As different situations dictate different solutions; there are different types of consolidation loans. One of these is a Government Debt Consolidation Loan. This type of consolidation loan is offered by a government program or agency to persons who need to pay off debts owed to multiple institutions. Amongst the many reasons the government extends these types of loans to people, one of them is that this is a way to facilitate financial transparency. Furthermore, it presents opportunities to create more fluidity in the market place.
The debtor surrenders outstanding balances to the government program or agency which pays off everything; in turn it issues a new consolidated loan representing the balance owed and some interest. This works for the debtor because the interest rate does not change. In the event of defaults or failure to pay, the interest rate changes; but this is does not happen immediately because the lender and borrower agree on terms and conditions from the onset to protect each party.

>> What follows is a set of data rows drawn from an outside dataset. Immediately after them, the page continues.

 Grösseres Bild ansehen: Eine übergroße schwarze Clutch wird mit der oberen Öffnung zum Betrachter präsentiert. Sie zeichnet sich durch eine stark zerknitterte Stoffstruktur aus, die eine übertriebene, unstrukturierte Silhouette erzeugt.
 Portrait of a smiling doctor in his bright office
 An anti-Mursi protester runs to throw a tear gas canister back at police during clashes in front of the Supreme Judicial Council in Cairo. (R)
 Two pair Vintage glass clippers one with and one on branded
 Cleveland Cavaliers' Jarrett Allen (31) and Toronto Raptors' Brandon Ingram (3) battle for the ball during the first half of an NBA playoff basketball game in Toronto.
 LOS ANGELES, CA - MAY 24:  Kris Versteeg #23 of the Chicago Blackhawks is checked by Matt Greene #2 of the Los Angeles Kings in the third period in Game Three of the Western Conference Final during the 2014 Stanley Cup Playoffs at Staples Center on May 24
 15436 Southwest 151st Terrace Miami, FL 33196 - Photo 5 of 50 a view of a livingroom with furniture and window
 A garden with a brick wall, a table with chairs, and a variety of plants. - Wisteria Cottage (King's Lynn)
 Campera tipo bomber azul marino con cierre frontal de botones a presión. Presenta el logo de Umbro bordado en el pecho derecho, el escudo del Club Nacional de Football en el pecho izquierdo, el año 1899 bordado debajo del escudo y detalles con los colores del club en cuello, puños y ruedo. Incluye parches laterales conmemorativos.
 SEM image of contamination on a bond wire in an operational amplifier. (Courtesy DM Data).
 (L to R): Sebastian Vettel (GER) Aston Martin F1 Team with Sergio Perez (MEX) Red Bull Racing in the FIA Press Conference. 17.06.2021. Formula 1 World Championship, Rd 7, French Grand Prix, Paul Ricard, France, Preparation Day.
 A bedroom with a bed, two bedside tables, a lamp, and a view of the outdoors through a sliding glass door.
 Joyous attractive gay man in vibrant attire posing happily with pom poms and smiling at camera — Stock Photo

Consolidation loans are normally divided into four broad types;
- The standard payback plan – sets a general monthly payment amount which is consistent over the whole loan period.
- The extended payment plan – increases the loan period by decreasing the monthly payment, with a higher interest rate.
- The graduated payment plan – starts with a lower monthly payment but increases after an agreed period of time.
- And the income contingent plan – designed for individuals in the lower-income bracket. The borrower’s salary and earning potential are taken into account when the monthly repayment rate is set.
One of the best features of this type of loan is convenience; the borrower makes only one payment, to one institution, saving time and money as monthly payments are lower, rather than making several payments at different locations. Moreover, the borrower deals with only one agreement avoiding the confusion of dealing with different sets of terms and conditions from the many institutions owed.
Consolidation loans exist for various debts, depending on national jurisdiction, agency availability and local laws. Easy repayment timelines also make this a suitable option for individuals and families with multiple debt accounts.